The judgment of a court of competent jurisdiction of Virginia,
made after a hearing, that a corporation of that state had violated
the liquor laws of the state and that, in pursuance of statutory
provisions, the charter rights and franchises of the club ceased
without further proceedings
held in this case not to have
violated any right belonging to the club under the contract or due
process clauses of the Constitution of the United States.
The facts are stated in the opinion.
Page 208 U. S. 381
MR. JUSTICE HARLAN delivered the opinion of the Court.

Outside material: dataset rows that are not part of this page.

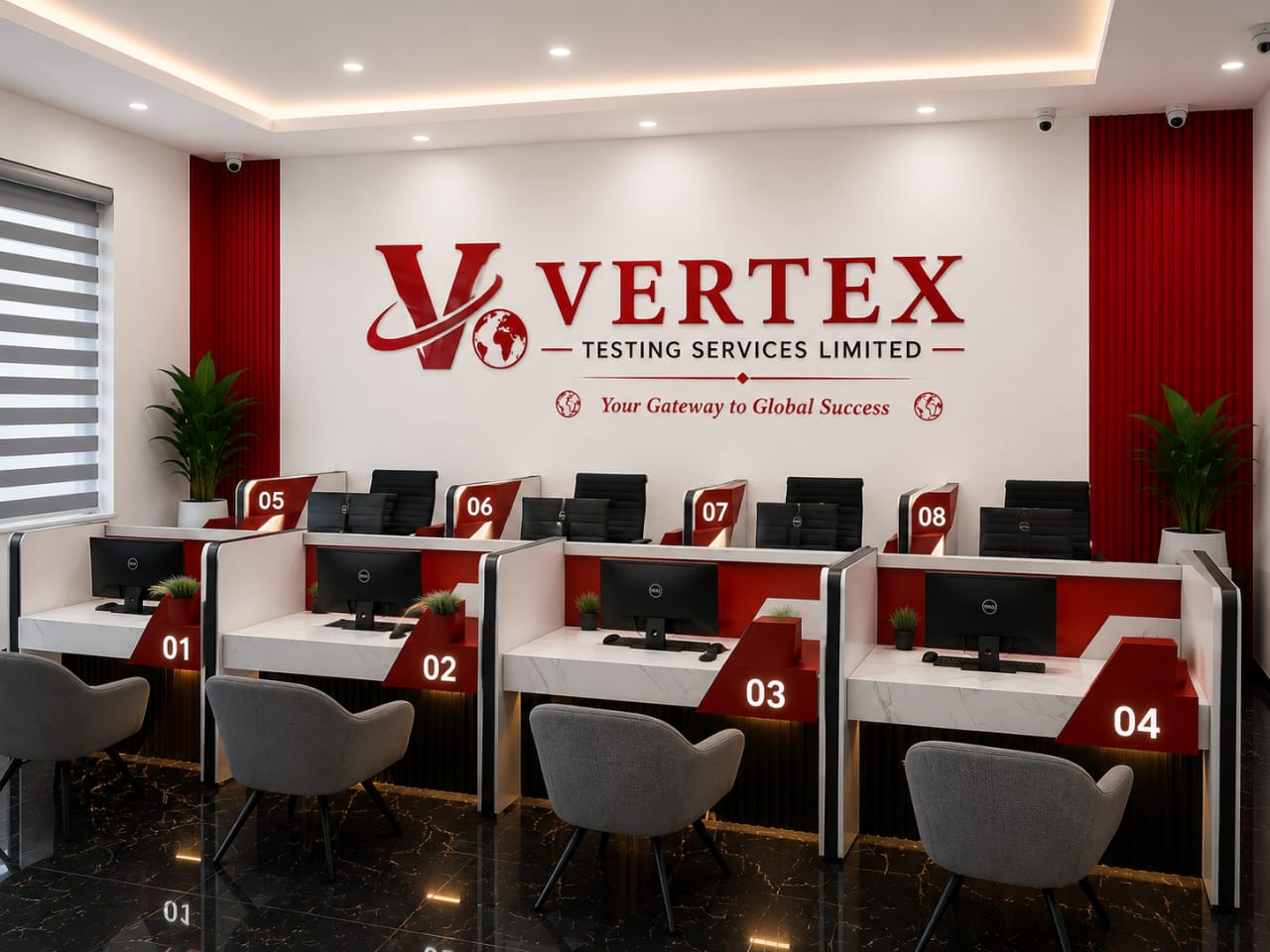 Executive Testing Suites with modern workstations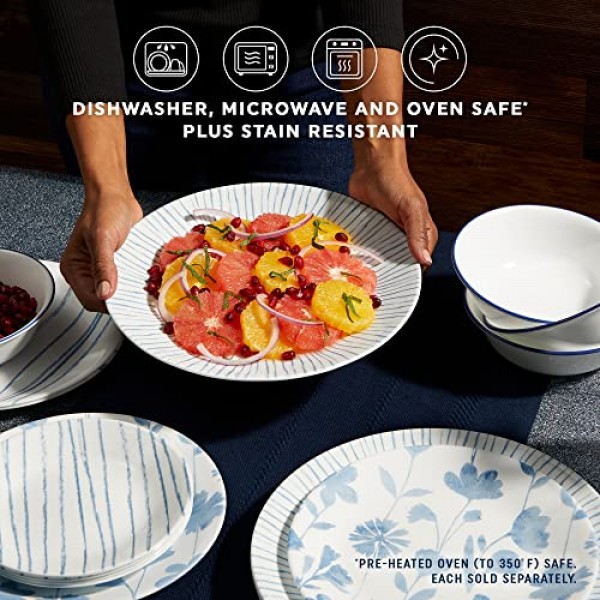 Corelle 6피스 10.25인치 Vitrelle 유리 디너 접시, 경량, 칩/스크래치 방지 - 식물 줄무늬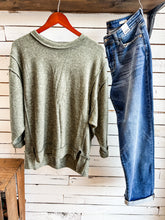 Load image into Gallery viewer, Dark Olive Hem Detail Melange Sweater Top
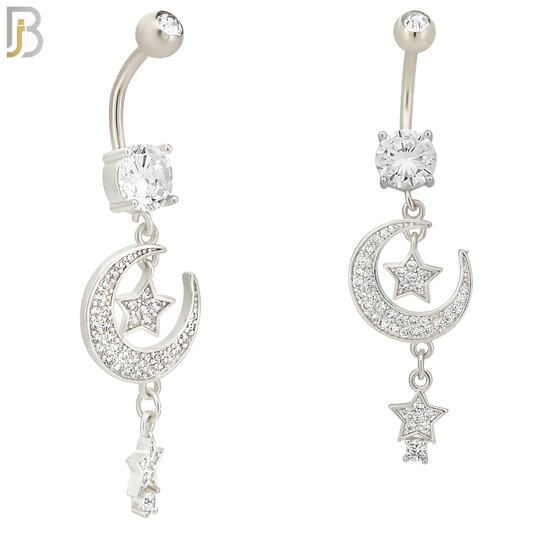 N0101  - 316L Stainless Steel Round Zircon with Dangling Moon and Stars with Zircon Belly Ring image 1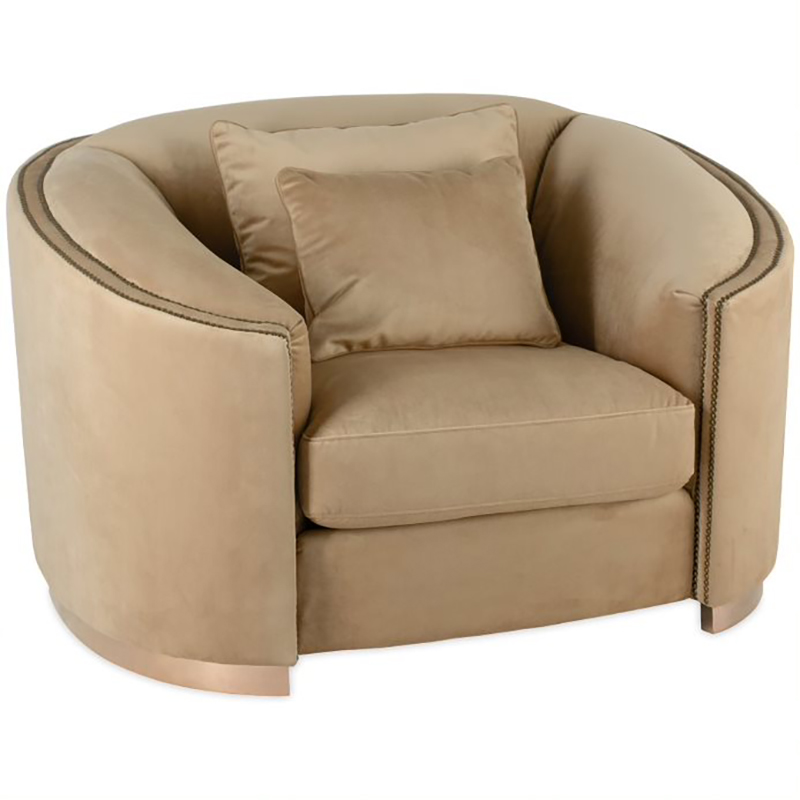 Кресло Maynard Armchair Бежево-серый Медь Кресло Maynard Armchair Бежево-серый Медь в Твери | Loft Concept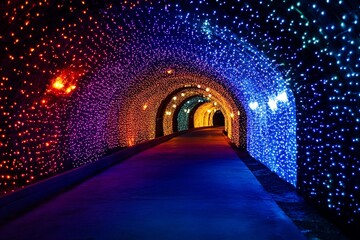 Colorful illuminated tunnel creates a stunning visual experience with shimmering lights in various hues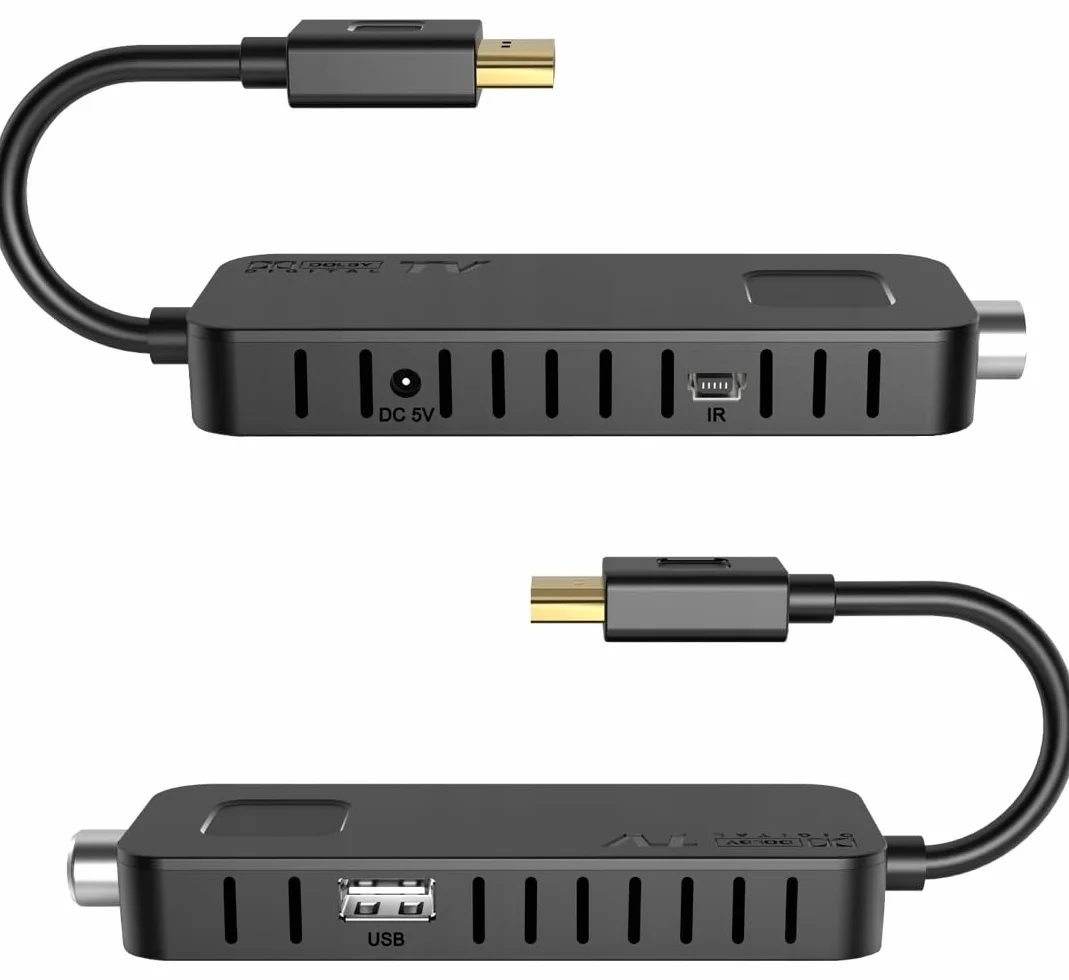 LTC Mini DVB-T2 HD Stick Receiver, H.265 HEVC dekoder, Full HD 1080p, programowalny pilot zdalnego sterowania 2 w 1, nagrywanie PVR, USB, HDMI, czujnik podczerwieni, czarny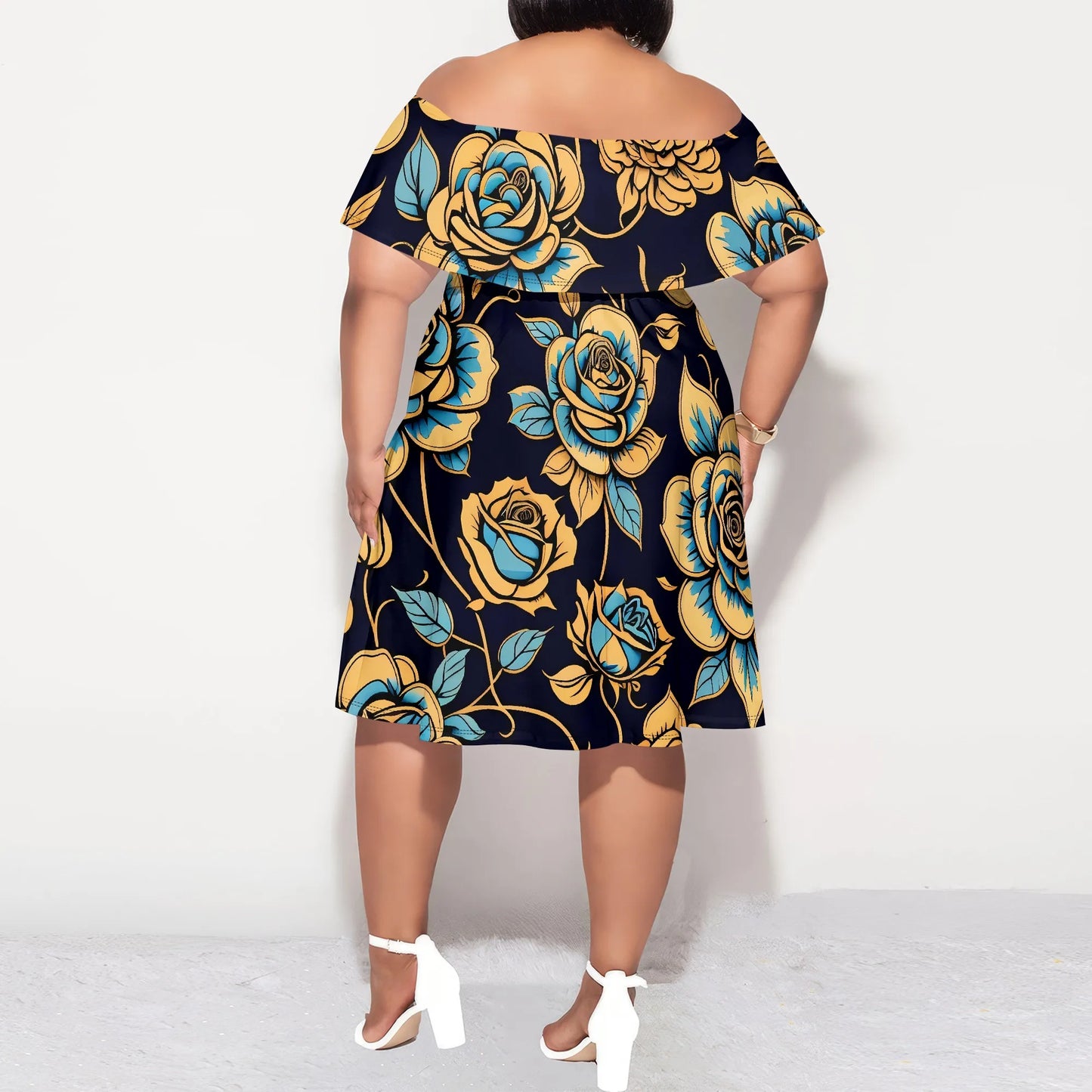 Maxy Plus Size Off Shoulder Short Sleeve Midi Dress Floral Rose Print Navy Blue Elegant Summer Party Casual Dress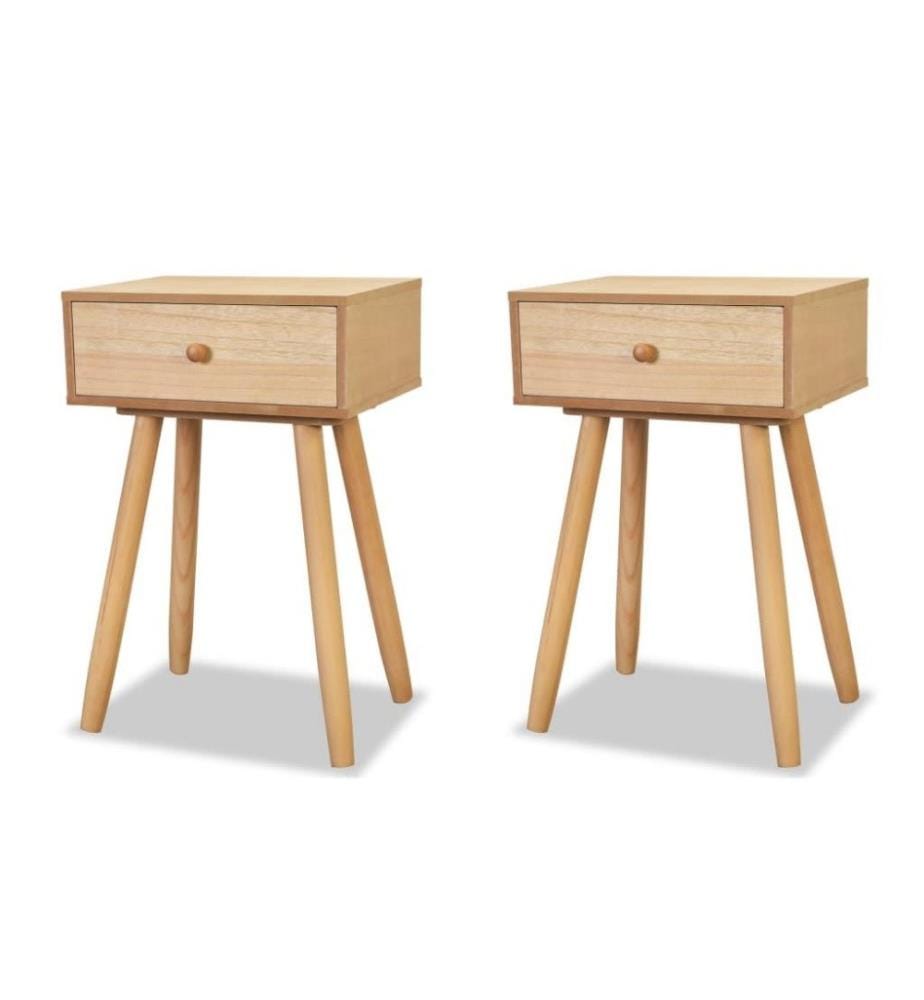 Nachttisch 2 Stk. Kiefernholz Massiv 40 x 30 x 61 cm Braun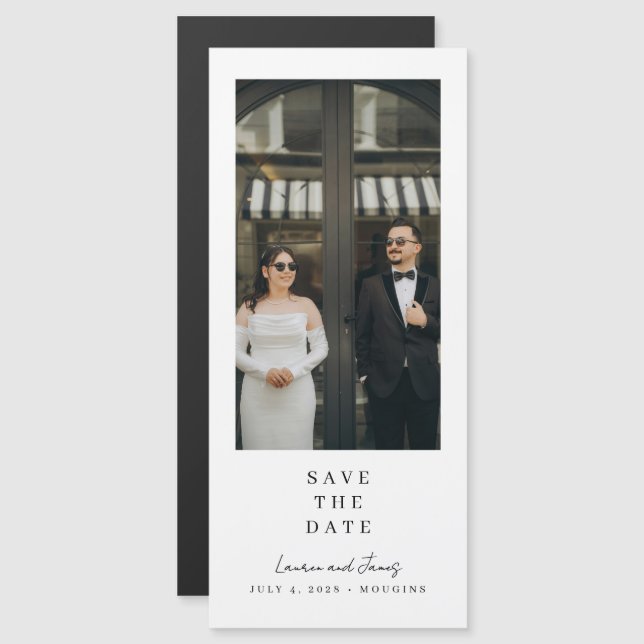 Classic Modern Magnetic Wedding Save The Date (Anverso/Reverso)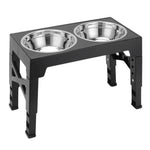 Raised Dog Feeder Adjustable Tilt Stainless Steel & Slow-Feed Bowls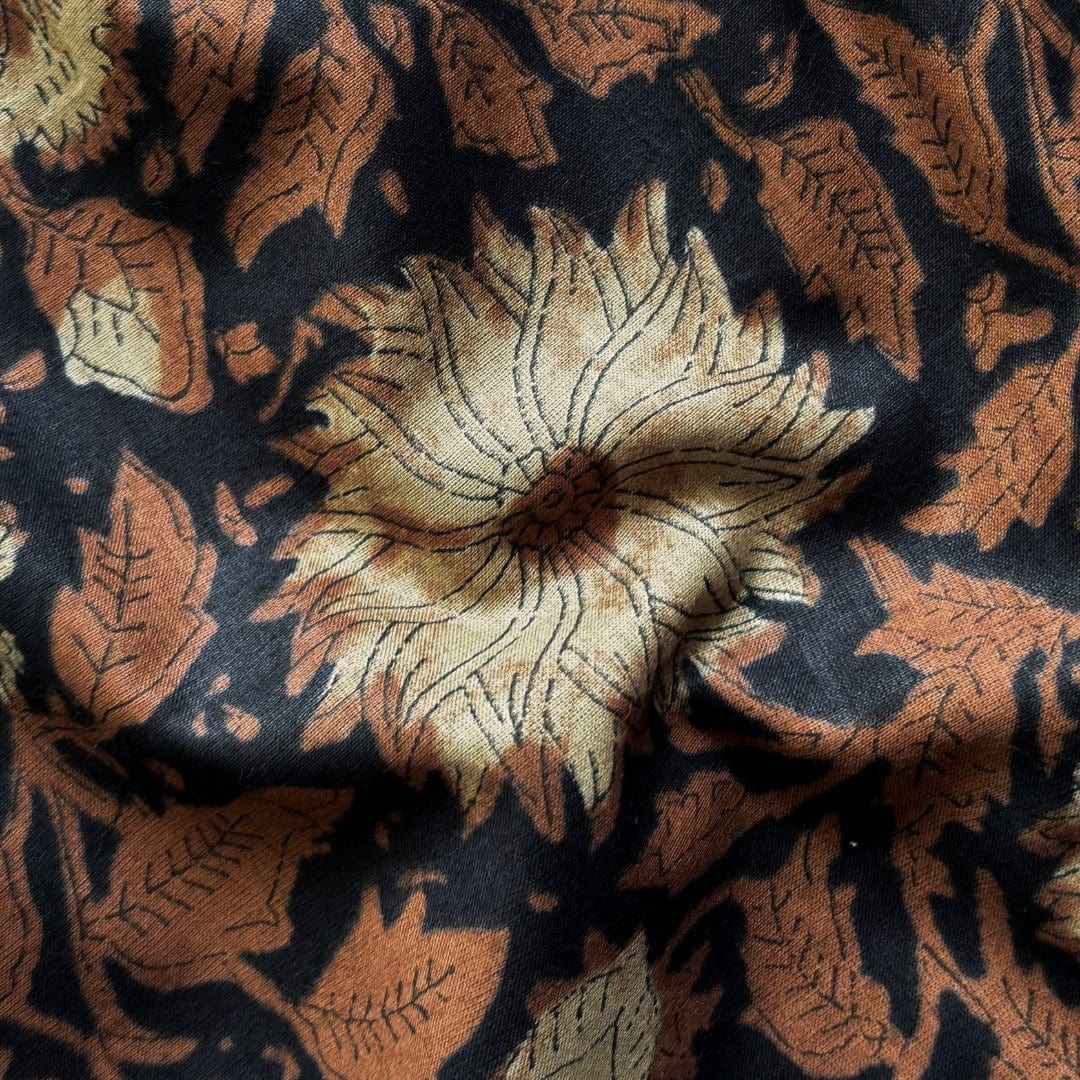 Hand Block Printed Cotton Fabric Fabric Black & Brown Sunflower Garden Hand Block Printed Pure Cotton Fabric (Width 42 Inches)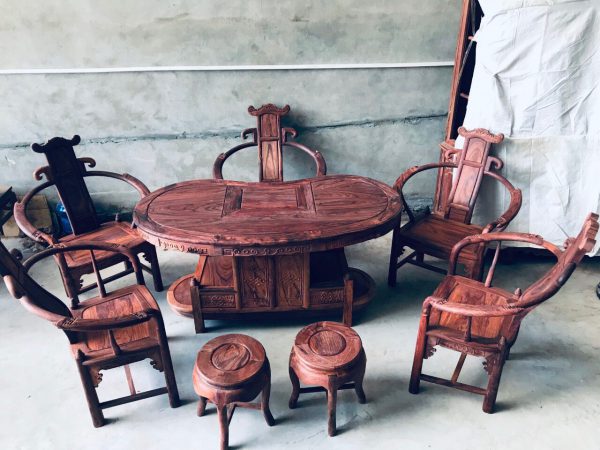 bàn ghế bán nguyệt gỗ Cẩm Lai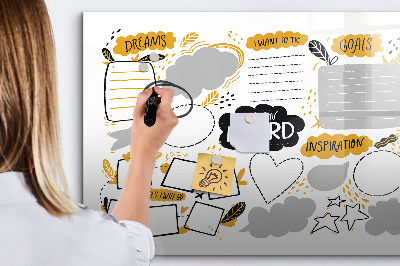 Lavagna magnetica scrivibile Una vision board per realizzare i tuoi sogni.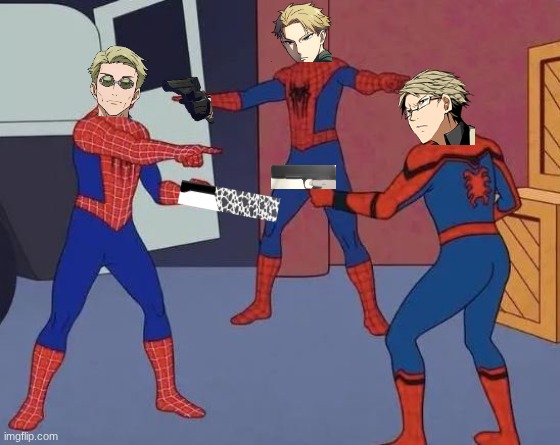 image tagged in 3 spiderman pointing | made w/ Imgflip meme maker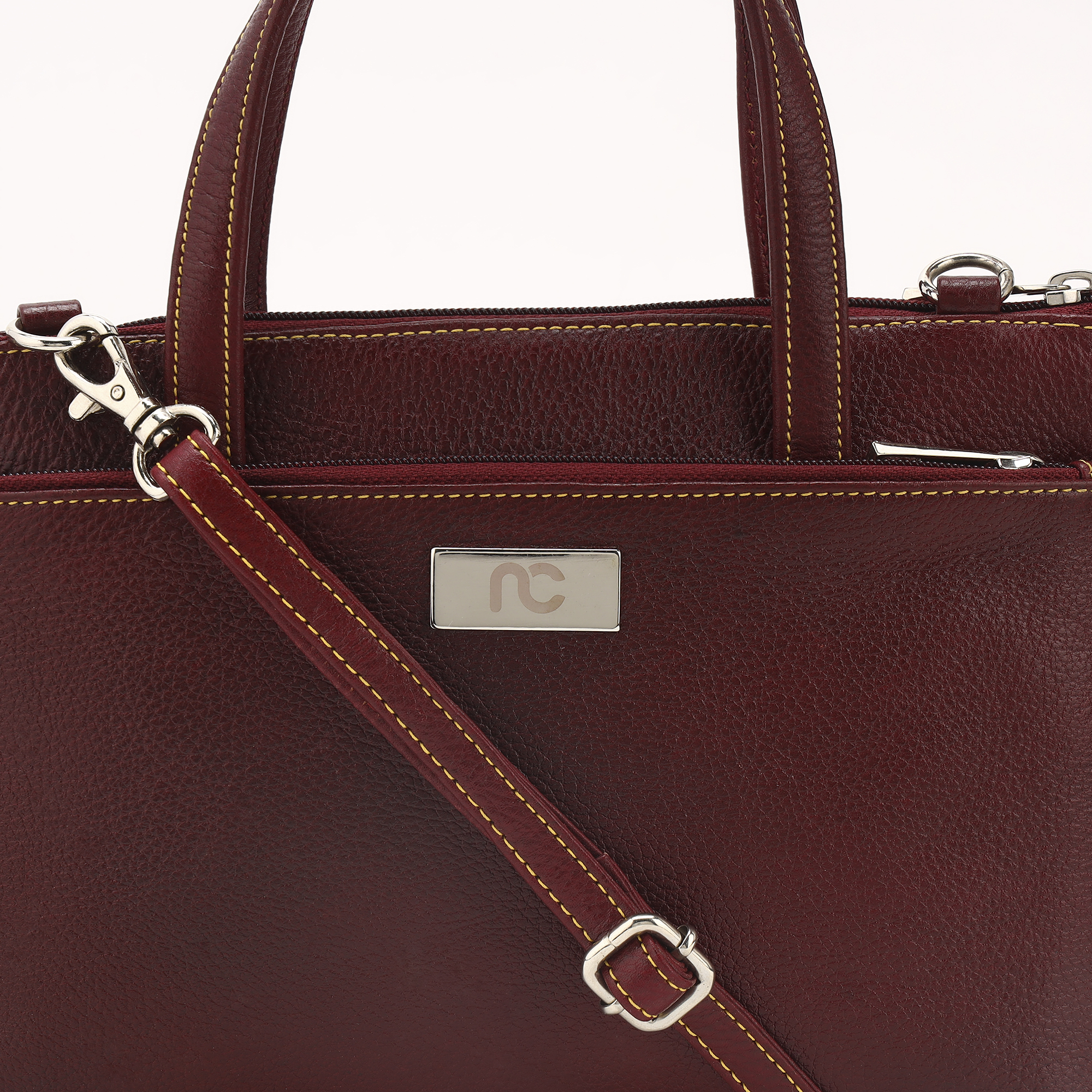 Premium Genuine Leather Handbag for Women – Classic Red Tote with Adjustable Strap & Multiple Compartments | Stylish Office & Casual Bag - Image 2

Complaint having been made in due form that the Cosmopolitan
Club, a corporation of Virginia, formed to promote social
intercourse, athletic and physical culture, and to encourage manly
sports, had violated and evaded the laws of that commonwealth
regulating the licensing and sale of liquors, the Corporation Court
of the City of Norfolk, where the club had its domicil, gave notice
that it would, on a named day, inquire into the truth of the
charge.
The proceeding was based on a statute of Virginia passed March
12, 1904,
* amendatory of a
previous statute and providing that,
"upon complaint of any person that any such corporation so
chartered as a social club is being conducted, or has been
conducted, for the purpose of violating or evading the laws of this
state regulating the licensing and sale of liquors, and after
service of such complaint on such corporation at least ten days
before the hearing of said complaint, the circuit court of the
county or the corporation court of the city wherein is located its
place of business or meeting, or the judge thereof in vacation
shall inquire into the truth of said complaint,
Page 208 U. S. 382
and if the court, or judge in vacation, shall adjudge that the
said corporation is being conducted, or has been conducted, for the
purpose of violating or evading the laws of the state regulating
the licensing and sale of liquors, the chartered rights and
franchises of said corporation shall cease and be void without any
further proceedings, and the said corporation and all persons
concerned in the violation or evasion of said law shall be subject
to the penalties prescribed herein."
At the hearing of the case, the club, by its counsel, moved to
dismiss the complaint on the ground that, under the Constitutions
of Virginia and of the United States, the court had no power to
entertain it, and that the act under which it was filed was
contrary to those Constitutions. The motion to dismiss was
overruled, and the parties introduced their evidence. The result
was a judgment by the corporation court that the club had been
conducted for the purpose of violating and evading the laws of
Virginia regulating the licensing and sale of liquors. The
defendant then applied to the Supreme Court of appeals of Virginia
for a writ of error and supersedeas. The latter court, upon
inspection of the record, refused the application upon the ground
that the judgment was plainly right. The president of that court
allowed a writ of error for the review of its judgment by this
Court.
It is contended by the plaintiff in error that the judgment
against it was inconsistent with the contract clause of the
Constitution of the United States. The charter of the club, it is
insisted, was a contract between it and Virginia, which could not
be amended or annulled unless, at the time it was granted, the
state, by constitutional provision or by legislative act, had
retained or reserved the right of repealing, forfeiting, or
modifying it. Neither the state constitution nor any statute, it
was alleged -- and we assume such to be the fact -- contained any
such reservation at the time the club's charter was granted.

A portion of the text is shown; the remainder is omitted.